§ Work instructions:
Your answer should consist only of the lines below from the one with "2024 Top Mens" through the one with "wide sleeve over", copied exactly.

§ The data:
=== Begin Enclosure ===

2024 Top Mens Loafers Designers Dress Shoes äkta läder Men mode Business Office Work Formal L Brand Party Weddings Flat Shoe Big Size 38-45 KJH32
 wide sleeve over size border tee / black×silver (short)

=== End Enclosure ===
=== Begin Enclosure ===

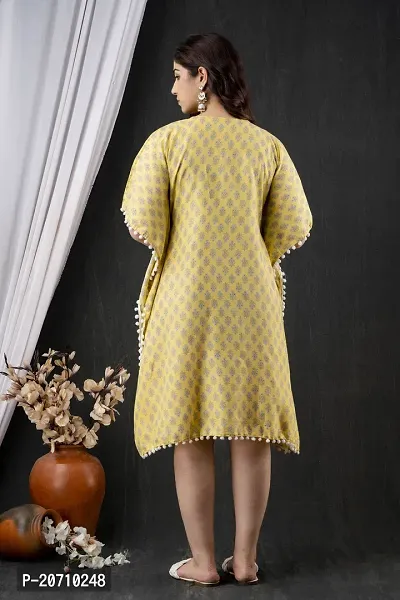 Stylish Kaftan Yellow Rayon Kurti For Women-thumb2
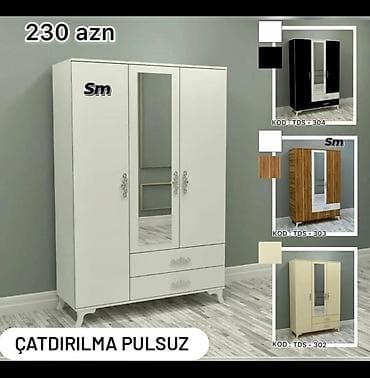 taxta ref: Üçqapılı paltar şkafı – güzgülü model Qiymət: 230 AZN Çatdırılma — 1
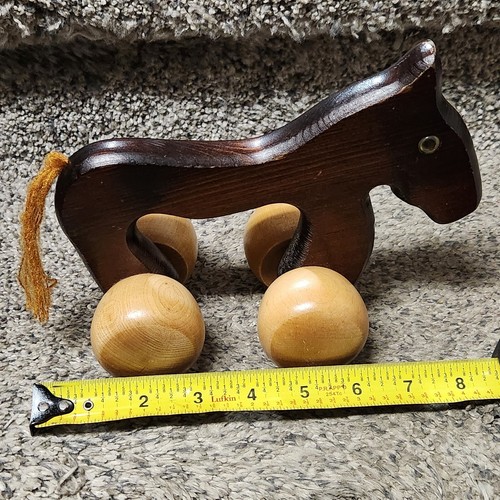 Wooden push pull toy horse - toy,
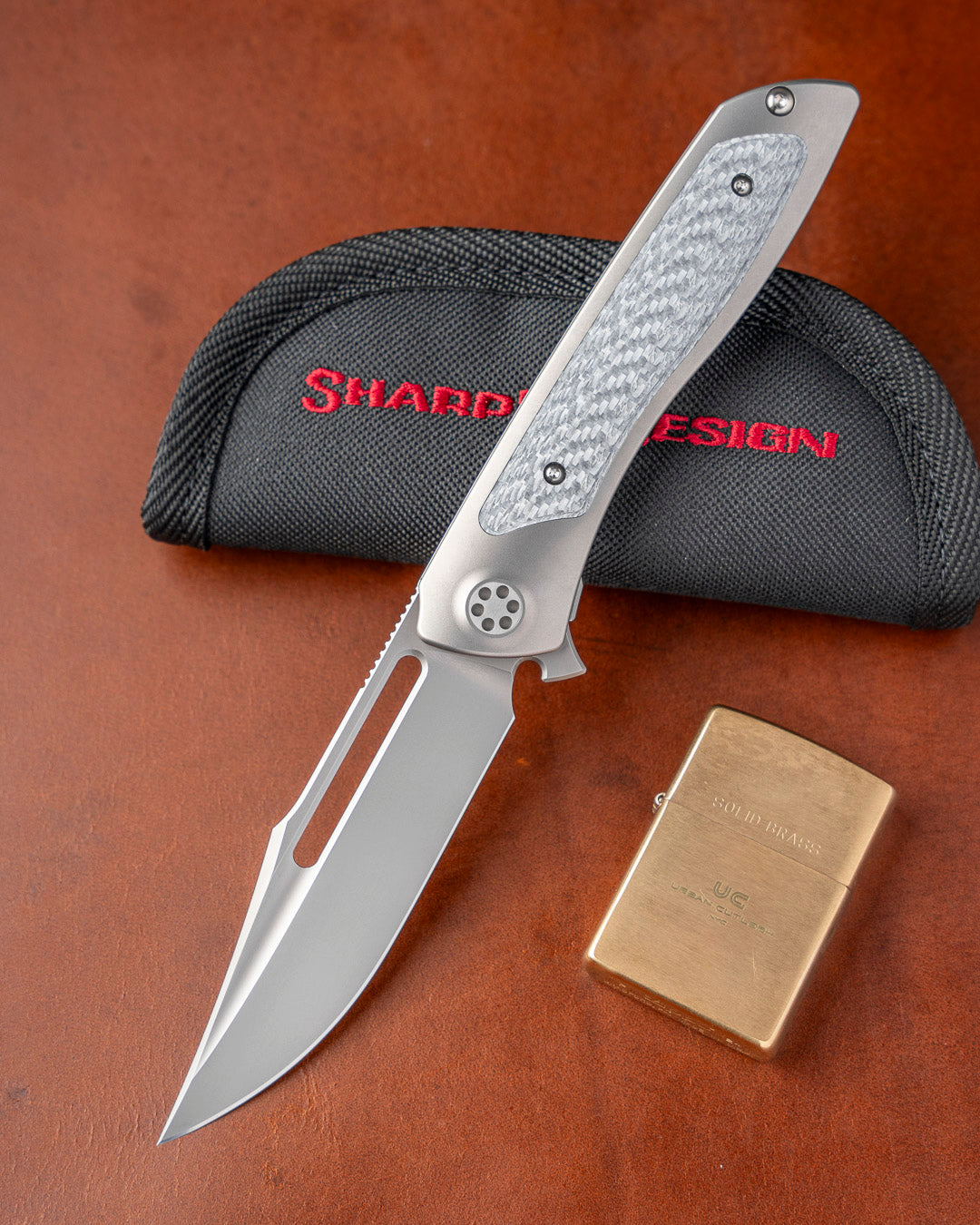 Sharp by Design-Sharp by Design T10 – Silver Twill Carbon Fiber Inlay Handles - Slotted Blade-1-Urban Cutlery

=== End Enclosure ===

§ Response to this exercise:
2024 Top Mens Loafers Designers Dress Shoes äkta läder Men mode Business Office Work Formal L Brand Party Weddings Flat Shoe Big Size 38-45 KJH32
 wide sleeve over size border tee / black×silver (short)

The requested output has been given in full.